Have you tried Wave Accounting yet? They're free and based in Toronto


----------



## A320

Thanks Will, gonna have a look. Gotta wonder if it's free what kind of data they mine from your information.


----------



## Trevor

www.dbsonline.com/download/
has:

BS1 General Ledger - Free General Ledger Software

BS1 Accounting - Free Accounting Software
AP, AR, GL, Inventory, Sales Analysis

BS1 Professional Time Billing - Free Time Billing and Accounting Software
AP, AR, GL, Inventory, Sales Analysis, Time Billing

BS1 Enterprise Accounting - Free Accounting Wholesale Distribution ERP Software
AP, AR, GL, Inventory, Sales Analysis, Sales Orders, Purchase Orders

The free versions are single-user with no free support, and some features disabled such as import/export from/to Excel.


----------



## tim_yonkers

There is no online accounting services which is full free. If anyone is full free then I have doubts. But some has some free options. I am using online bookkeeping services from ZipBooks. Most of its feature are free. And you can get most of it for free.

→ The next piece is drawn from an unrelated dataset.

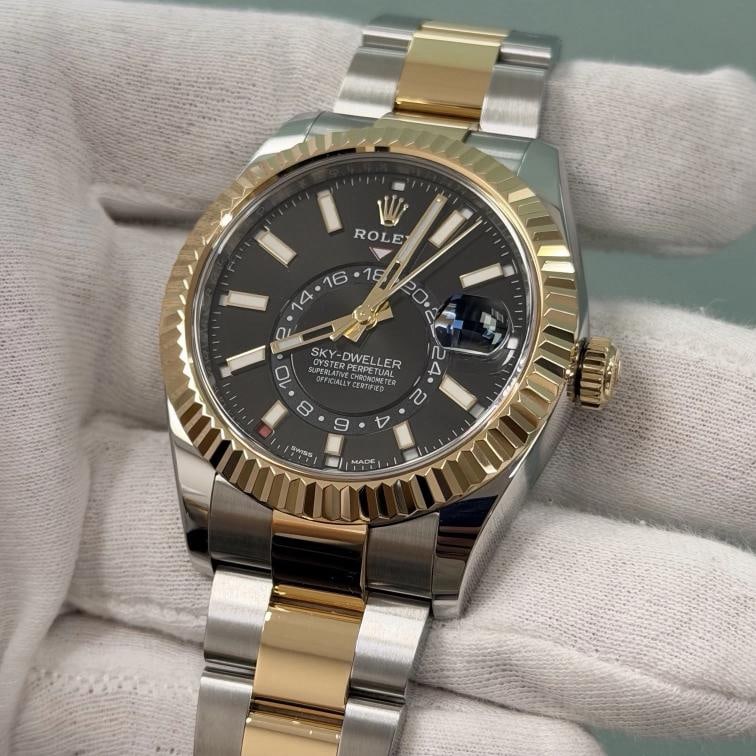 Rolex Sky Dweller 326933 42mm Black Dial 18k Yellow Gold Steel Box Paper - 5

Another one is Guncash. But I don't like its interface. In every other aspects its good.


----------



## Brainer

A couple of nitpicks. First, I'm assuming you mean Gnucash, a multi-platform free software app. Don't want anyone to think you are encouraging armed robbery. 
However, it is NOT web-based, it operates on your device directly. I have started to play with KMyMoney, and I like the interface a little more.




tim_yonkers said:


> There is no online accounting services which is full free. If anyone is full free then I have doubts. But some has some free options. I am using online bookkeeping services from ZipBooks. Most of its feature are free. And you can get most of it for free. Another one is Guncash. But I don't like its interface. In every other aspects its good.


----------